■ The data:
::::

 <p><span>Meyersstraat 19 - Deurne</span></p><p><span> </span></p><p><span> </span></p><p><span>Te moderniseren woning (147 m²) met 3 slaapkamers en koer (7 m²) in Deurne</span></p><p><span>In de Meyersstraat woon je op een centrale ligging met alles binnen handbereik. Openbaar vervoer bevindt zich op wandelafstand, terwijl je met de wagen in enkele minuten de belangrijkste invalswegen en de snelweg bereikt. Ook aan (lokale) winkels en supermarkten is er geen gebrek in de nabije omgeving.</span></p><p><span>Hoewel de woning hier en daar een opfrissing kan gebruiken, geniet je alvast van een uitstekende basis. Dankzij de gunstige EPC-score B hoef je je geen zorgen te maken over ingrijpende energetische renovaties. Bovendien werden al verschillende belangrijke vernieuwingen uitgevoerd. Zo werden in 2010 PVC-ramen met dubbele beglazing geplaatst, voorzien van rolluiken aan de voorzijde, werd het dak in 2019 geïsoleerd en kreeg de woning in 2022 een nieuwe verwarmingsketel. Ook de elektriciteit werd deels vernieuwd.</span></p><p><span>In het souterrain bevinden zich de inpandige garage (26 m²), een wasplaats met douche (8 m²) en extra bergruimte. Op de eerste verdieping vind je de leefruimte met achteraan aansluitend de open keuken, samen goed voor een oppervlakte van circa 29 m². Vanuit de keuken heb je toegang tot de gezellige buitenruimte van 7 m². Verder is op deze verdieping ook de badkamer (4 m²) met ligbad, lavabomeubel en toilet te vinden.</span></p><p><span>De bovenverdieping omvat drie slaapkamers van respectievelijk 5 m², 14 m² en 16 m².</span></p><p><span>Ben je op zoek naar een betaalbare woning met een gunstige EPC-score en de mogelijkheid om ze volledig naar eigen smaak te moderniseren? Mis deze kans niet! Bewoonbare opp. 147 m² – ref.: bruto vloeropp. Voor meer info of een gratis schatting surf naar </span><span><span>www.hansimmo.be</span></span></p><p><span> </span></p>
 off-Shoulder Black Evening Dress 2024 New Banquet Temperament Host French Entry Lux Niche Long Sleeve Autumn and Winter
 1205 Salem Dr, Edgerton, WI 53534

::::

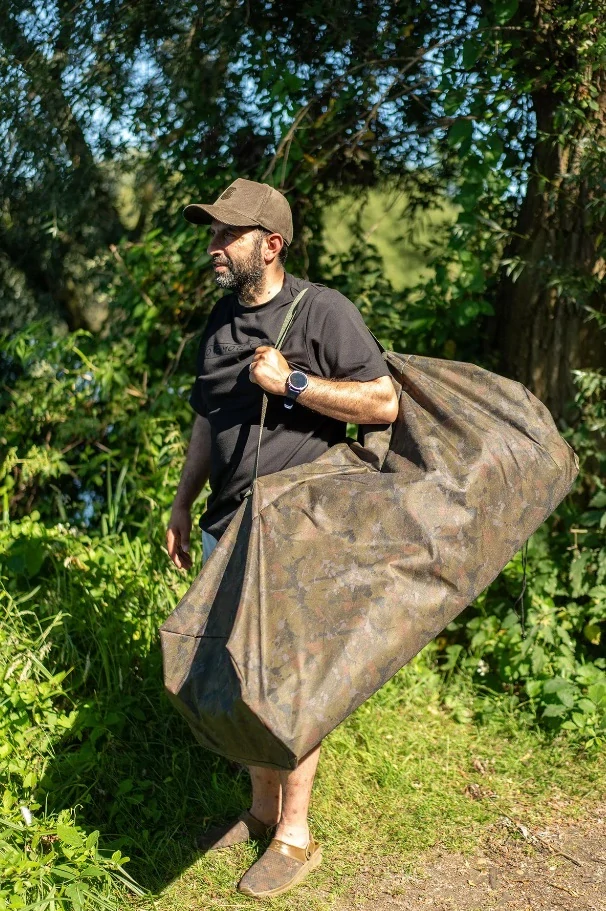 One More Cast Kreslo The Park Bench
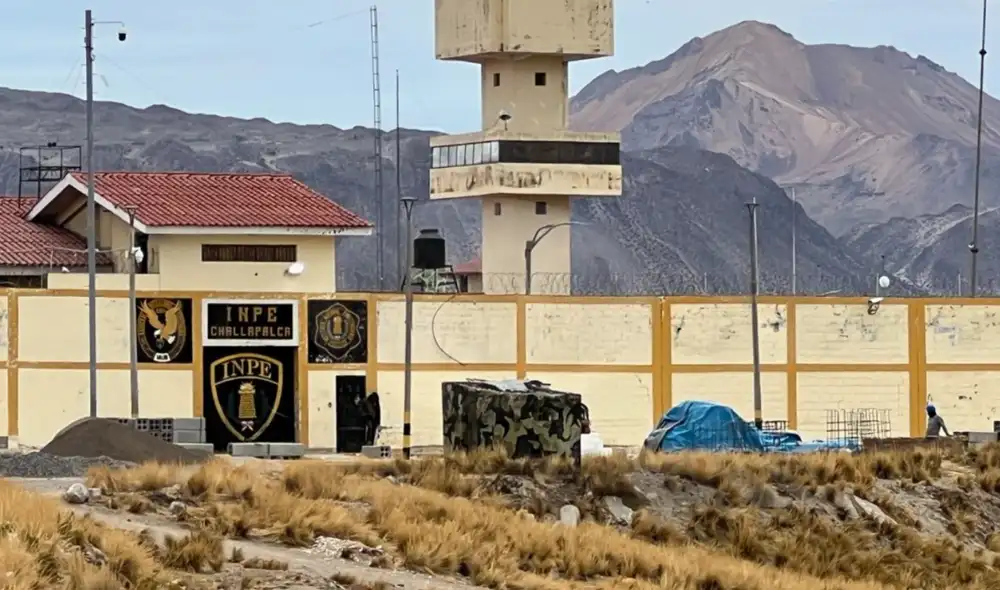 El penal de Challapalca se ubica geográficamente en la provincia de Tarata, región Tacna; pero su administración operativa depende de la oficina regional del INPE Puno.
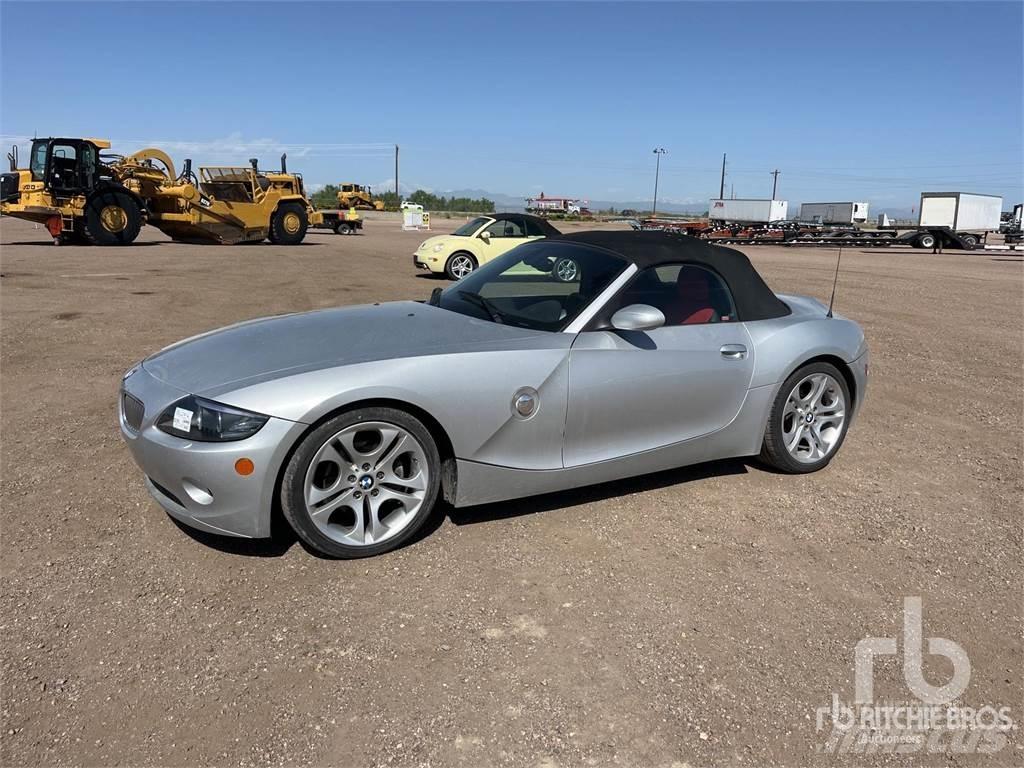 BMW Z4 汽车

::::

■ Work to complete: As listed above, the lines from the line with "off-Shoulder Black Evening" to the line with "1205 Salem Dr, Edgerton, WI 53534" are to be echoed exactly, with both ends included and nothing added.

■ Answer space:
 off-Shoulder Black Evening Dress 2024 New Banquet Temperament Host French Entry Lux Niche Long Sleeve Autumn and Winter
 1205 Salem Dr, Edgerton, WI 53534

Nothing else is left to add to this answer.